Then imagine that the starlight shines on your shoulders, your hands, your arms. Gentle light. Gentle radiance. Warmth, soothing. Starlight shines on your belly, your lower back. Just for you, bringing ease, release, softness. Starlight on your legs, your ankles, your feet.
Whatever pace, whatever way it works for you. Just finally imagine, imagine starlight. Your whole body resting in the warmth of starlight.
When you’re ready, sit up slowly, and reach your hands to the sky. Take a deep breath in, and lower your arms as you breathe out. Gradually open your eyes.

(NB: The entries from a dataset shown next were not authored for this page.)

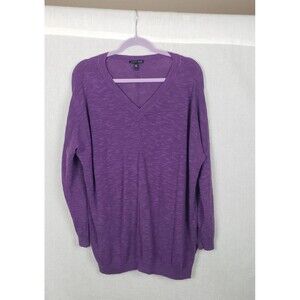 Eileen Fisher Knit Sweater M‎ Pullover Purple Slub Organic Linen Cotton Casual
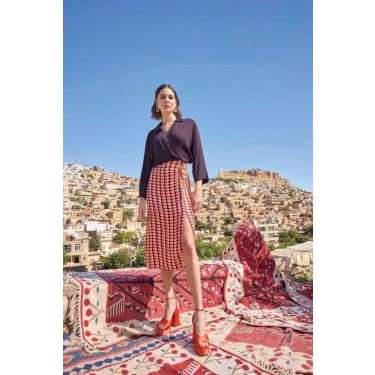 Etnik Desenli Saten Etek Takımı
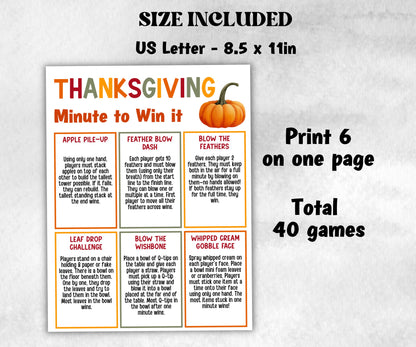 Thanksgiving Minute to Win It Activity, Printable Friendsgiving Competition, Give thanks office Party, Kid teen adult, Gratitude party idea-Thanksgiving -TheHustlingCatLady-Party Games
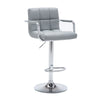 Benzara Leatherette Upholstered Swivel Barstool with Adjustable Height, Gray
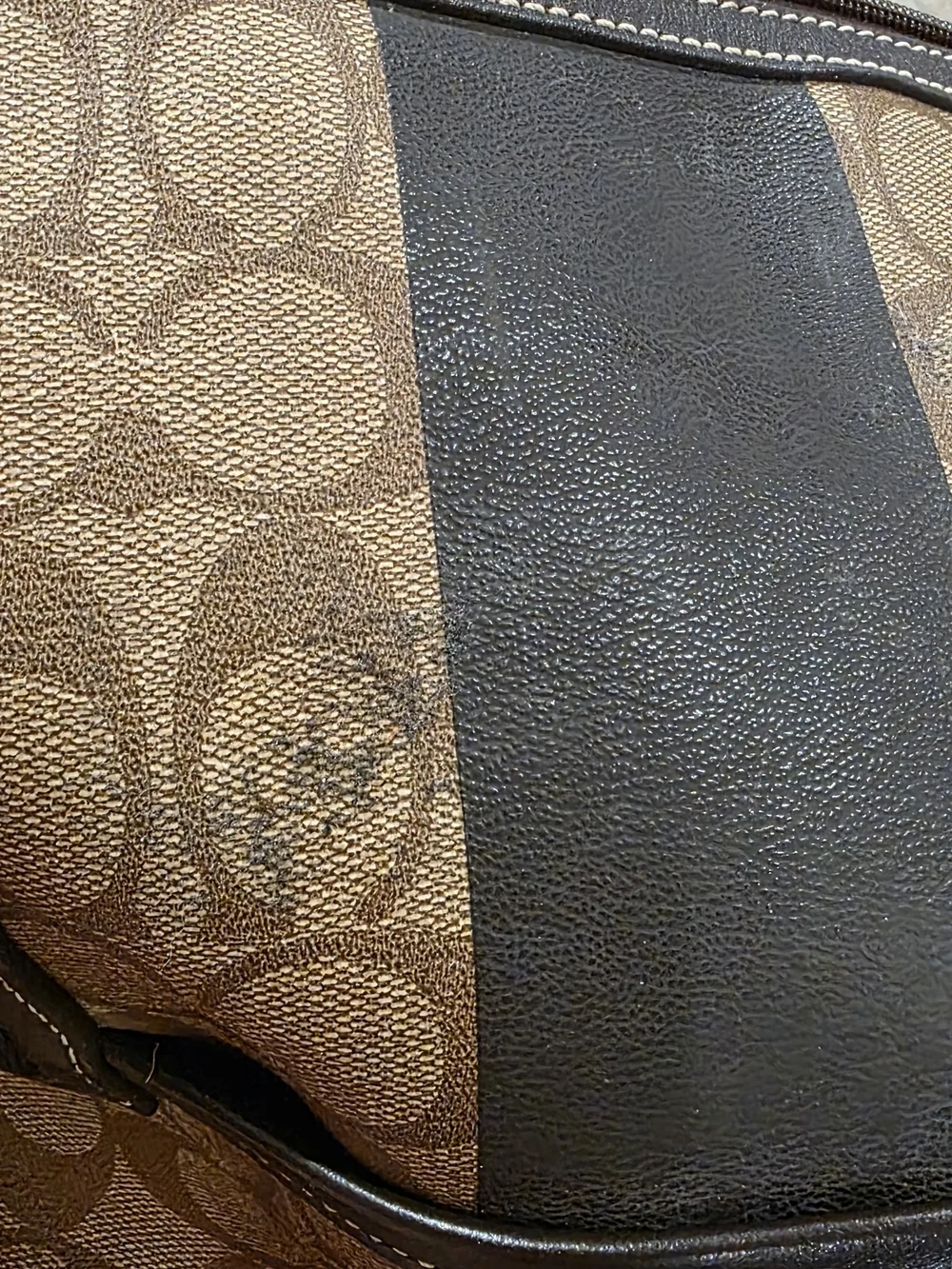 Coach Heritage Stripe Boston/Weekender Duffle Bag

Rabbi Sheila Peltz Weinberg, Spiritual Coach, served as a congregational rabbi for seventeen years. She has also worked in the fields of Jewish community relations, Jewish education and Hillel. She has published widely on such topics as feminism, spiritual direction, parenting, social justice and mindfulness from a Jewish perspective, including in her books God Loves the Stranger: Stories Poems and Prayers and Surprisingly Happy: An Atypical Religious Memoir, and has contributed commentaries to Kol HaNeshama, the Reconstructionist prayer book. Rabbi Weinberg has taught mindfulness meditation and yoga to rabbis, Jewish professionals and lay people in the context of the Institute for Jewish Spirituality. She serves as a spiritual director to a variety of Jewish clergy including students and faculty at HUC-JIR in New York. She is creator and co-leader of the Jewish Mindfulness Teacher Training Program. She is married to Maynard Seider and they have three married children and six grandchildren.
One Response
Dear Rabbi Weinberg,
In my teens during the 60s, “Star Trek” was a big hit, and I was a very depressed kid, secretly suicidal. At 16, I noticed a single star seemed to shine through my bedroom window every night. I imagined it was Beta Antares and on its 4th planet in orbit, the people there had an extremely powerful telescope. They were watching me, noticing how I was doing, and they were cheering for me. Even now, at 75, the tale I told myself helps. Your midrash hit a resonant chord in me at this time. My son of 54 died suddenly this summer of a fentynal overdose, leaving four kids behind. I am grateful for the support I’ve been feeling since then. Sharing it, as I can, with my grandkids.